# Bought a new house, don't know what kind of grass to seed with.



## NClakelawn (Feb 24, 2021)

I just bought a new home on Lake Norman in Mooresville, North Carolina. The lawn is riddled with all kinds of weeds, I used tenacity but it only killed about a third of the weeds. So I'm going to just manually pull the weeds by hand (as many as I can).

Can someone recommend which grass seed to over seed with please???

I don't know which type of grass is currently there. I'm planning on seeding mid March.


----------



## coreystooks (Aug 6, 2019)

Looks like you have either bermuda or zoysia that is currently dormant. In that case DO NOT overseed, both of those grasses will fill in with fertilizer and good mowing practices. The first thing you need to do is to get a pre emergent down and start dealing with the weeds. A good 3-way product will take care of most of the broadleaf stuff and since it looks like you have some poa you can treat that with some image. Check out my journal I have an extra lot that looked very similar to this last year and have completely turned it around.


----------



## stevehollx (Apr 8, 2020)

Could also be a neglected cool season lawn that has become encroached with nimblewill. A lot of the neglected cool season lawns in NC will turn to something like this, too. There's a ton of Nimblewill in large patches my older neighborhood in old lawns that can take up 50% of the lawn.

There is some clumping fescue in there. That's the only 'grass' I can tell that is in there, and that's stuff I rip out of my fescue lawn anyway.

If you want to go fescue, two potential options:
a) Wait until July, and start treating the warm season stuff (whatever it is; bermuda, nimblewill, zoysia) when it greens up in the summer heat. You could use a selective postemergent such as pylex ($, alternative being roundup for lawns crabgrass destroyer). It takes 3-4 applications, some precise spraying, and usually favorable to mix with triclopyr or tenacity. Pretty hard to selectively control the warm season grasses...and too much effort when you wouldn't be saving much cool season grass there as what we can see is clumping and not a good TTTF strain.
b) Wait until around 4-July, and glypho the lawn.

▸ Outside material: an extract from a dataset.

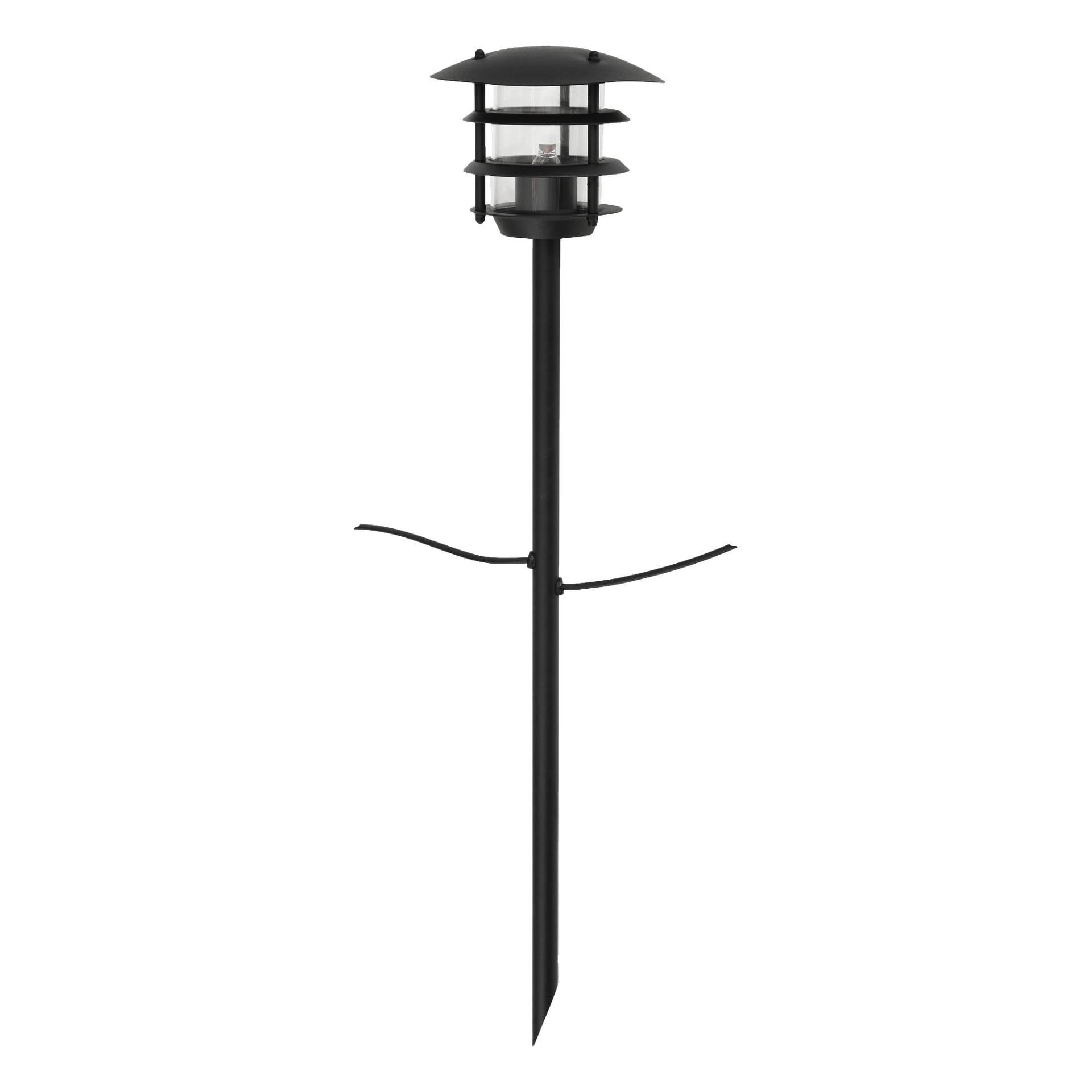 lampa ogrodowa od Anslut Bollard Connectable System, zaprojektowana z okrągłą, wielowarstwową amortyzacją i przezroczystą szklaną obudową. Lampa stoi na wysokim paliku z wąską podstawą do wbijania się w ziemię, a do palka podłączone są dwa zakrzywione pręty nośne.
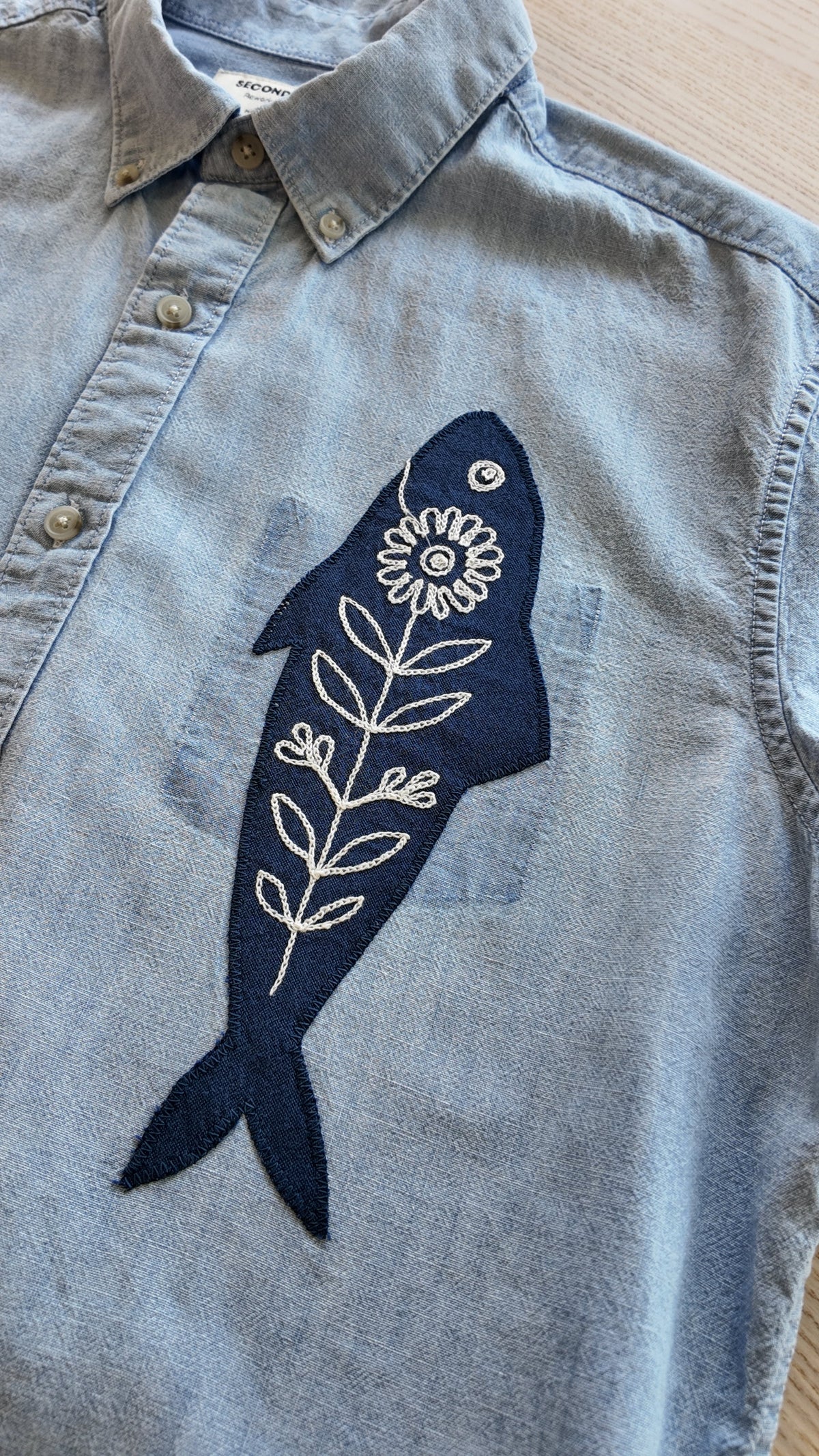 Front view of light blue button-down showing navy fish embroidery detail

Repeat in August. Rennovate around 15-Sep with fescue seed.

If you want to go warm season, spray glypho now to kill the clumping fescue and it's winter weed friends while the warm season stuff is still dormant. And then either sod or seed depending on whatever warm grass you want to use based on the best practices for establishing it for whatever grass type you select.

You seem to have a lot of sun so bermuda may be a choice, but if you don't want a dormant lawn from November - May then you either need to overseed with PRG in the Bermuda every Fall, or otherwise consider fescue. Fescue can stay green year round in charlotte. It barely goes dormant for just 3-4 weeks in Jan/Feb before waking back up, and with irrigation (2x per week in July/Aug) you can keep it out of summer dormancy too but be prepared for ~$150+/mo in water charges during those months.


----------



## NClakelawn (Feb 24, 2021)

Thanks guys. Quick question. Spay or Pull these weeds below?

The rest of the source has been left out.